Bündnis Brementrojaner - Pressemitteilung vom 30.08.2018

Wahlkampfgetöse um Verschärfung des Polizeigesetzes

Bündnis Brementrojaner zur Bürgerschaftsdebatte über CDU-Gesetzesantrag


Die heutige Debatte [30.08.2018] in der Bürgerschaft zur Verschärfung des Bremischen Polizeigesetzes ist nur noch Wahlkampfgetöse. Viele Menschen in dieser Stadt haben es einfach satt. Wir setzen unser Motto dagegen: "Freiheit statt Angst". In Bremen hat sich schon im Frühjahr ein breites Bündnis gegen die Verschärfung des Polizeigesetzes gebildet: Das Bündnis Brementrojaner, welches aus zivilgesellschaftlichen Gruppen, Parteien und Einzelpersonen besteht. Das Bündnis wächst kontinuierlich und weist immer wieder auf die fatalen Konsequenzen der geplanten Verschärfungen hin:

Ein weitreichender Ausbau staatlicher Videoüberwachung im öffentlichen Raum verdrängt, als teures Placebo, Kleinkriminalität lediglich an andere Orte und setzt zugleich alle Menschen unter Beobachtung,

• die Einführung elektronischer Fußfesseln zur lückenlosen Aufenthaltskontrolle mutmaßlicher "Gefährder" kriminalisiert Menschen, die nicht etwa unter einem konkreten Verdacht stehen, sondern denen Straftaten aufgrund unklarer Anhaltspunkte lediglich zugetraut werden,

• die massive Ausweitung der polizeilichen Überwachung und Ausforschung von Computern und Smartphones mittels heimlich eingeschleuster Schadsoftware, besser bekannt als "Staatstrojaner", kompromittiert die Sicherheit unserer privaten Geräte und greift tief in unsere Intimsphäre ein.
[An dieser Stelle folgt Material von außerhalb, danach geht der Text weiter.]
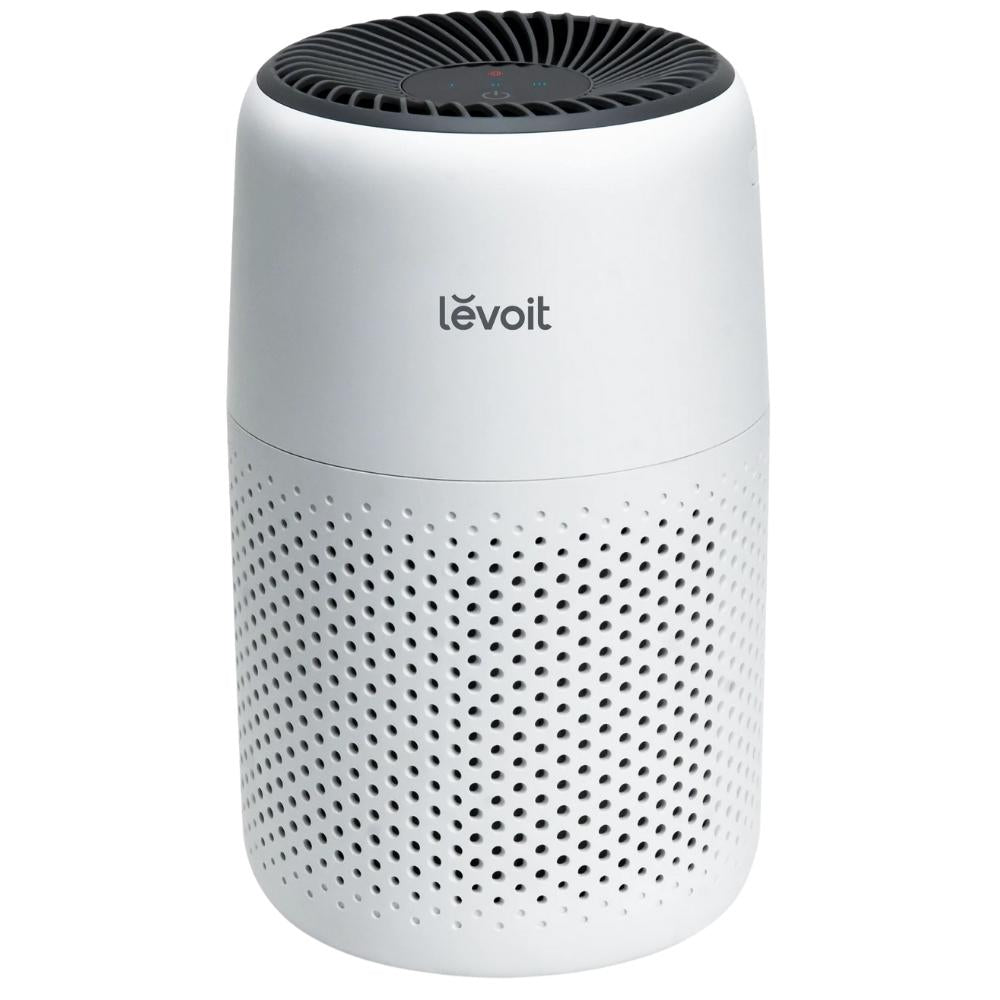 Purificator de aer Levoit Core Mini, Filtru 3 in 1 True HEPA, Panou Co - Default Title [ps:bb13be12-6137-41c5-939e-70be2a3558c8]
Alle diese Vorhaben, ob von SPD oder CDU, sind in den Augen des Bündnisses Brementrojaner unzulässige Eingriffe in Grund- und Menschenrechte!

Die Grünen haben bekanntlich nach öffentlichem Protest - auch des Bündnisses Brementrojaner - den Gesetzgebungsprozess hinsichtlich des rot-grünen Polizeigesetz-Entwurfs aufgekündigt. Nun zielt die CDU mit ihrem Gesetzentwurf darauf ab, Zwist in der rot-grünen Koalition zu schüren. Der Wahlkampf ist eröffnet.

Susanne Wendland, parteilose Abgeordnete und Sprecherin des Bündnisses Brementrojaner: "Massive Eingriffe in die Grund- und Freiheitsrechte dürfen aber kein Gegenstand von Wahlkampfgetöse sein! Denn wir sind bereits auf dem Weg in einen Überwachungsstaat. CDU und SPD gaukeln uns mit ihren Gesetzesentwürfen vor, die angeblich erhöhte Terrorismusgefahr in den Griff zu bekommen. Das ist Sicherheitsfolklore zu Lasten unserer Freiheitsrechte."

Der CDU-Gesetzesentwurf, der heute zur Debatte stand, zielt nicht auf Terrorverdächtigte, sondern letztlich auf jeden und jede. Wir alle können ohne konkreten Verdacht überwacht werden!

Wie, nur zum Beispiel, der Autor Marc-Uwe Kling, der mit einem kommunistischen Känguru zusammen wohnt. In einer Wohngemeinschaft. Nach eigener Aussage hat das kommunistische Känguru auf Seiten des Vietcongs gekämpft, will das System umstürzen und betreibt einen Boxclub. Als Romanfigur in der Fiktion seiner Bücher. Was aber missverstanden und dann zum Gegenstand von Überwachung werden könnte.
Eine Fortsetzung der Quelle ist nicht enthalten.